FRET - Introduction

Interaction between biomolecules can be assessed by coupling biomolecular partners to fluorescent labels (donor or acceptor), and measuring the amount of energy transfer (FRET). FRET technology aids drug discovery researchers over other platforms by providing increased assay flexibility, reliability, assay sensitivity, higher throughput, and fewer false positives1,2. These features, allied with automated liquid handling and robust detection instrumentation, allow for a broad range of applications in HTS.

Why Time-Resolved FRET?

Todays preferred choice of drug screening technology is TR-FRET, which uses the extended fluorescence emission decay lifetimes typical of rare-earth lanthanides to impart a short time-delay between FRET donor excitation and emission. This delay provides a means to separate “true” signal from short-lived background fluorescence, and reduce interference from compound fluorescence and other assay artifacts. This is possible due to the extended emission half-life characteristic of rare-earth lanthanide cryptates compared to traditional donor fluorophores1. Time-Resolved FRET’s greatest assets are high assay robustness and Z’ primes.
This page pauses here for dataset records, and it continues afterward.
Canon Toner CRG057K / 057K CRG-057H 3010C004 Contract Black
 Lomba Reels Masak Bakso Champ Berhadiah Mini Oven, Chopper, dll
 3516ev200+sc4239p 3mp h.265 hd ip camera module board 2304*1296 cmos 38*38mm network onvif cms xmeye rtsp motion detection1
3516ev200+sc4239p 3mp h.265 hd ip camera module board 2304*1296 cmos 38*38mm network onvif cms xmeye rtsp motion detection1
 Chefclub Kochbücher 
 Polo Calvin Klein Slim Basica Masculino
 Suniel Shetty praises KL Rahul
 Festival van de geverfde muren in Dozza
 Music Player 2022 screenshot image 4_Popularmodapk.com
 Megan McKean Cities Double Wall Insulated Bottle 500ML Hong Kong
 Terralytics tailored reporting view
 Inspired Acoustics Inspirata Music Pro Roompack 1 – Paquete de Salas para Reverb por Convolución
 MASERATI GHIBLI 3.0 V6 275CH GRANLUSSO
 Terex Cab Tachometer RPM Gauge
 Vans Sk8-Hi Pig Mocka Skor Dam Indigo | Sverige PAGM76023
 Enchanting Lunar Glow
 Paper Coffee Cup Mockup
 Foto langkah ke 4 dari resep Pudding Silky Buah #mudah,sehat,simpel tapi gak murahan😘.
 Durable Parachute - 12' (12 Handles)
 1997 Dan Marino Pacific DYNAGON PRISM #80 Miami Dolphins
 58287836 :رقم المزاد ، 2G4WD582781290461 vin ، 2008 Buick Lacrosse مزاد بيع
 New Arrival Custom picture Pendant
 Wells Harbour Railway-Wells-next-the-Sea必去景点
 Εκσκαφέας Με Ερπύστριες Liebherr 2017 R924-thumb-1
Ubiquitin & Homogeneous Real-Time TR-FRET

Our homogeneous TR-FRET conjugation assays enable detection of ubiquitin chain formation in Real-Time. Similarly, chain-formation on target substrates can be detected. Simplified the platform utilizes Europium or Terbium Cryptates and an appropriate corresponding acceptor fluorophores, coupled to ubiquitin monomers (among additional conjugation machinery; UBA1, E2, E3 Ligase). When reactions are initiated ubiquitin chain formation is detected via measurement of Cy5 (or an appropriate Alexaflour) and cryptate emission in real-time. Chain disassembly can be observed with the addition of appropriate DUBs and similarly detected. Other technologies are just obsolete.


1) Hermanson, Greg T. Bioconjugate Techniques. 2nd ed. Amsterdam: Academic, 2008. 474-76. Print.
2) Degorce, François, et al. "HTRF: a technology tailored for drug discovery–a review of theoretical aspects and recent applications." Current chemical genomics 3 (2009): 22.